February 28, 2014

Capitals of ordinary citizens should also have rights to political asylum.

Sir I refer to your “Close the account on Swiss secrecy” February 28. If I wanted to be politically correct, I guess I would have to loudly shout out a “Hear, hear!”

BUT, I need to add that in the same vein there is political asylum granted for people being persecuted in their homeland, there should also be asylum rights granted to capital when these are being persecuted, beyond reason. Otherwise the closing down of a possibility to hold secret accounts seems a bit like a wet dream of a Global Sheriffs of Nottingham mutual admiration club.

I have no firm idea of how to go about it, but perhaps there could be a Global Council of Citizens, in front of which a citizen could anonymously make a specific country based appeal. When? Perhaps when taxation becomes too high, let us say over 50%; when the government role in the economy becomes too high, let us say 40% of GDP; or when there are notoriously public displays of government waste.

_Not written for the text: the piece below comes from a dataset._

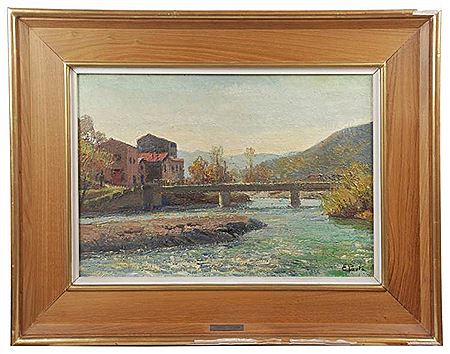 "Pont de Claverol.La Pobla de Segur"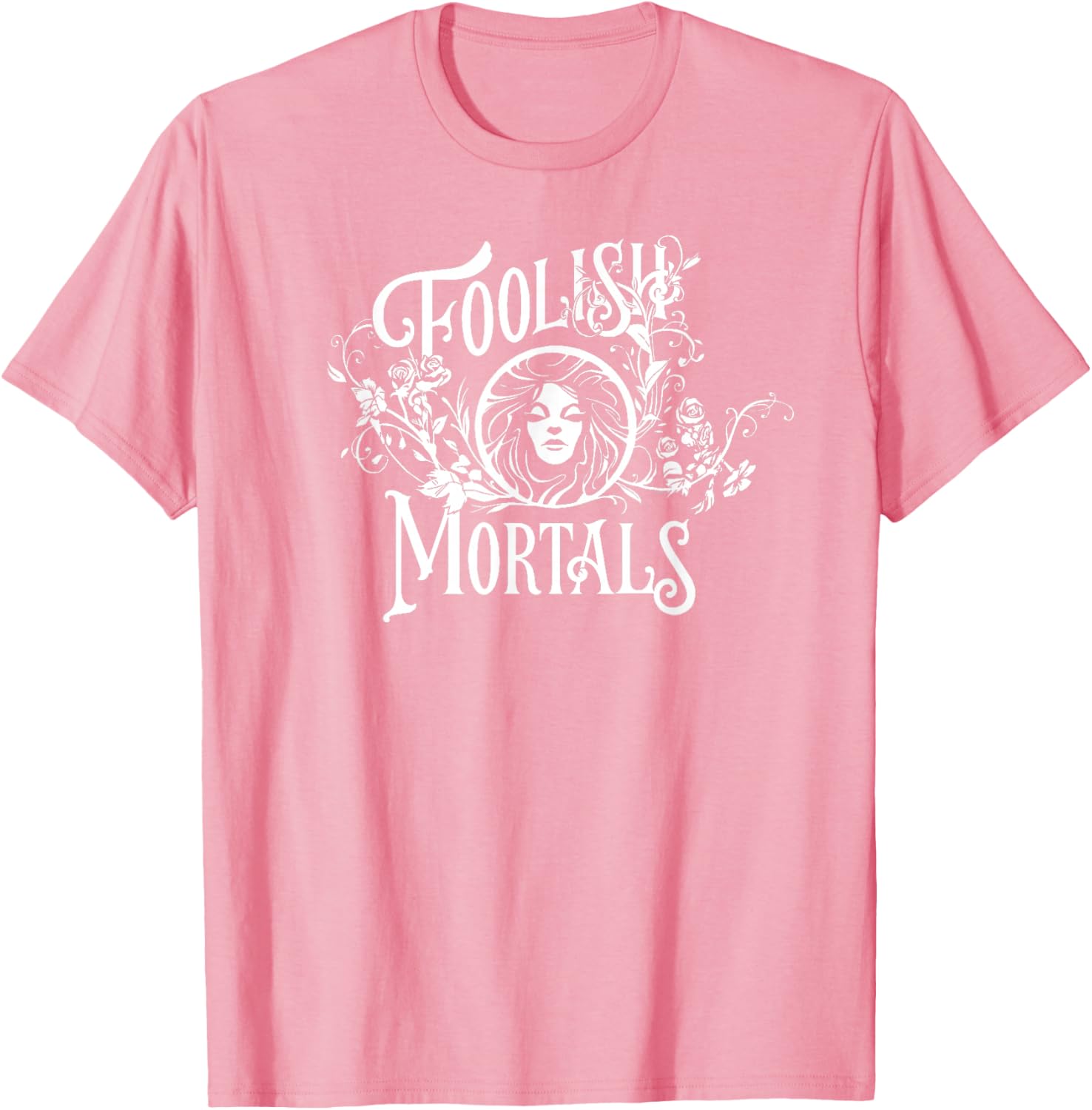Disney Haunted Mansion Madame Leota Foolish Mortals T-Shirt for Fans - 6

But of course, the capitals of anyone who has held a government office within a period, like for instance the last 20 years, should possess no such rights.

Really, is there anything to be gained by retaining all capitals of all citizens in a country, if all that means is that the capital gets all wasted?

I remember when my country, Venezuela, in February 1983 woke up to a huge financial disaster, mainly as a consequence of the government having acquired too much debt and keeping the Bolívar from devaluing too long. At that moment most politicians swore that the cause of it all was capital flight, and this even when they all must have known that had there been no capital flight, it would all have been wasted. The truth is that the capital reserves built up abroad by some Venezuelans, by quite a few in fact, then allowed Venezuela to recover fairly fast from the disaster… unfortunately only to start the buildup of the next one.

Also, FT, do you really want to close Switzerland down as a haven for secret capital flight when that might only mean promoting other deeper and darker havens?

PS. Granted you might not really know what it is to be living in countries like Zimbabwe.

PS. I recently ended and Op-Ed in my country with the following PS: “In a country in which all those here described injustices are committed, and many more, and on top of it all they print out monstrous amounts of inorganic Bolivars without caring about the inflation that will cause, one could ask: Is not capital flight sometimes a citizen's moral obligation… towards his own nation?